Another fantastic requirement for the rotation is visiting an orphanage just on the outskirts of town.  Actually, the term orphanage isn’t exactly correct since, according to the couple that runs the place, once a child is excepted there, they are treated as the couples’ own child and are then raised and educated there.  The children are nearly all either HIV+ or have lost their mothers to the disease.  Not to play favorites, but this little guy was awesome…

Maasai Mara:

As is not uncommon with students on the rotation, I saved my vacation days for the last week so that I could travel.  In fact, my family (and my girlfriend’s family) came to Kenya at the end of the trip and traveled with us (my mom and her dad -both physicians- even did some volunteer work while there).  We started with the famous Maasai Mara National Reserve.

Mombasa:

After that, my Dad and I branched off and traveled to the coastal town of Mombasa.  Much like the rainforests of Kakamega, this was not at all what I associated with Africa.  It was a nice change of scenery and a great place to relax for a couple days.

Lake Nakuru:

After Mombaasa, we headed to the Lake Nakuru National Park.  It is best known for its bountiful supply of flamingos (as seen in the movie Out of Africa) and for its large Rhino population.  Since most of the flamingos were elsewhere for the season when we got there, the Rhinos were the main attraction.

Lake Baringo:

 

The final stop was at Lake Baringo, where we stayed at an island resort on the lake.  The island is home to hundreds of species of birds.  At sunset, we went out to a lookout point overlooking the lake.  Great way to end the trip.

Amsterdam & Home

After that, we all made our way back to Nairobi to catch our flights out.  We once again flew through Amsterdam, giving us the opportunity to stop at the Rijks Museum for a couple hours.  Rembrandt’s ‘Night Watch’ was pretty impressive.

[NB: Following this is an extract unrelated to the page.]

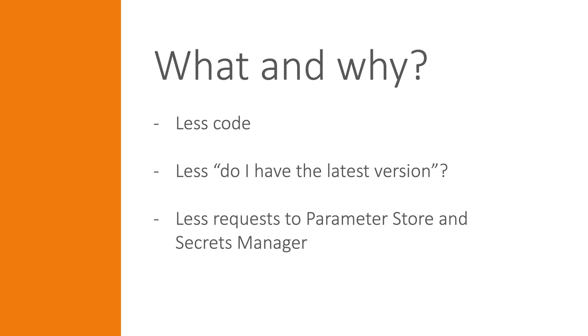Before this extension, you were kind of limited to either get the value once per lifetime of your Lambda execution environment, which, as you may know, can vary a lot and is out of your control. The other alternative was to retrieve the value on each request to the Lambda function, which results in a lot of unnecessary calls to the Parameter Store and Secrets Manager service.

And then, after two wonderful months in Africa, I was home, preparing for a busy residency interview season.  Although part of me was ready to come back, it feels as if some of me never left.  Not only will I always remember the experiences I had abroad in Kenya, but I know now that I want to stay involved in global health in some way moving forward.  There are just too many people depending on it…

Quote of the Post:

Life isn’t about finding yourself. Life is about creating yourself.

~George Bernard Shaw


Ann & Jane

Filed under: Uncategorized — Adam Nevel on October 15, 2011 @ 6:40 am

**I actually wrote the following during the first few weeks of my rotation here, but have not posted it until now**

Ann was sick.  Things hadn’t been right for the past week, and her headache seemed to grow as the days went.  Her throbbing head slowly evolved into neck pain, lethargy, and confusion, and by the end of the week, the symptoms had become too much for her to bear.  As her mind seemed to slowly slip away, her daughters took it upon themselves to bring her over to the Moi University Teaching and Referral Hospital (MTRH).  The doctors there, they hoped, would be able to help…

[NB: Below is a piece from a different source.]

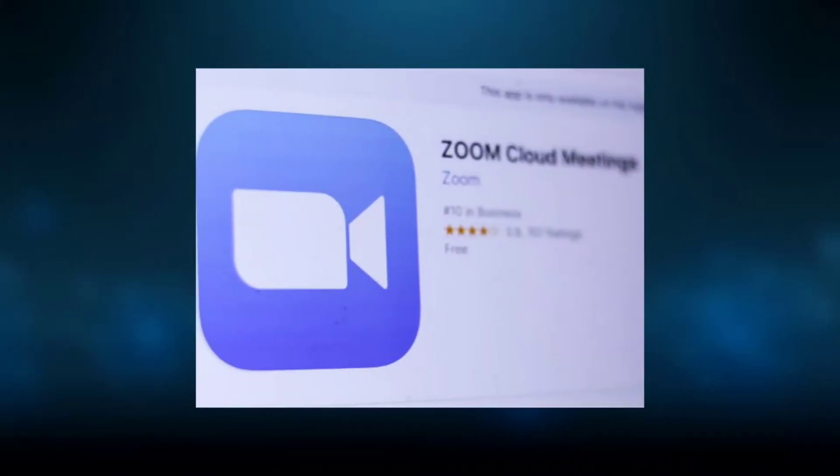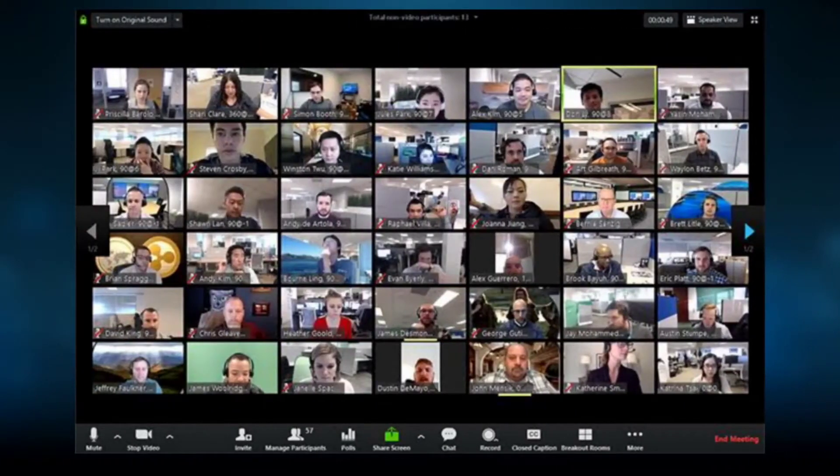Now we will use Google Meet and Microsoft Teams. Google Meet and Microsoft Teams each offer different features. You can get the best out of Google Meet.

Jane was sick too.  She hadn’t been quite like herself over the last few days, appearing disoriented to family and friends.  A stroke had robbed her of her speech three years ago, but she normally still had plenty of smiles and gestures to dole out to those she loved.  But for those last few days, things had changed.  Jane was confused.  She was breathing fast and was moving as if she was stuck in slow motion.  Drool slowly dripped from her mouth, and it didn’t take long for family to realize that things were not right and Jane needed immediate medical treatment…

By the time both of these patients arrived at MTRH, the severity of their illnesses was undeniable.  They were admitted to the Amani Wards and placed on Firm II, where I had been working for just over a week.  They both looked awful.  Ann was no longer able to speak, instead staring blankly at the wall, not tracking or following any sort of command.  She had just tested positive for HIV in Casualty (ER), and a lumbar puncture confirmed the suspected diagnosis of meningitis.

Jane was not much better.  While her mental status was not nearly as declined as Ann’s, her body was cold and her breathing labored.  Her heart seemed irregular and an oxygen saturation read 75%.  An x-ray done in Casualty showed a consolidated right lower lung lobe, along with a massive heart.  Jane had pneumonia, tipping her enlarged heart into decompensated congestive failure along the way.  Without intervention, both patients would likely die.  Even with intervention, however, their outcomes were still far from assured…

Jane responded well to interventions and medications.  As her cardiac output improved, so did her mental status, and by the end of a week, her initial drooling appearance was slowly replaced by a daily smile at each visit on rounds.  She was a gratifying reminder of all that could still be done on the wards, even without the back up of 20 ICU beds, vents, and a full array of medications.

Ann, sadly, did not offer the same reminder.  Even after initially responding to antibiotic therapy, her health took a turn for the worse by day three, and, despite our resuscitative efforts, she passed just before rounds on a Tuesday.   As we closed her eyes and pulled the sheet over her face, I could think of nothing else but what her two college-aged children had said to us just a few days earlier:

“Please, save our mother”

Although I have mostly come to terms with the difficult conditions in which I work here, interacting with a severely sick patient’s family and friends remains one of the most saddening parts of the rotation.  Watching the family mourn for the death of a loved one is truly heart breaking, and even after doing ‘all you can’ for a patient in those circumstances, you are left with the inevitable question of ‘could I have done more?’

Jane and Ann demonstrated the fine line between life and death on the wards here in Kenya.  Sick patients are bountiful, and attempting to predict who will survive and who will pass is futile.  We just continue to do what we can with what we’ve got, and pray that that is enough…

 

Quote of the Post:

Far and away the best prize that life has to offer is the chance to work hard at work worth doing.

-Theodore Roosevelt


Farmer for a Day

Filed under: Uncategorized — Tags: , — Adam Nevel on October 10, 2011 @ 4:17 pm

One of the requirements of the rotation here in Kenya is that each student work a morning at the AMPATH farm in town.  As a background, AMPATH (Academic Model Providing Access to Healthcare) is the official title of the IU/Kenya Partnership.  It is a wide-reaching organization providing healthcare to over 120,000 patients at sites throughout Kenya.  (For the full spiel, go here:  http://www.iukenya.org/).  It truly is an inspiring organization offering true hope with regard to the eradication of HIV in Africa.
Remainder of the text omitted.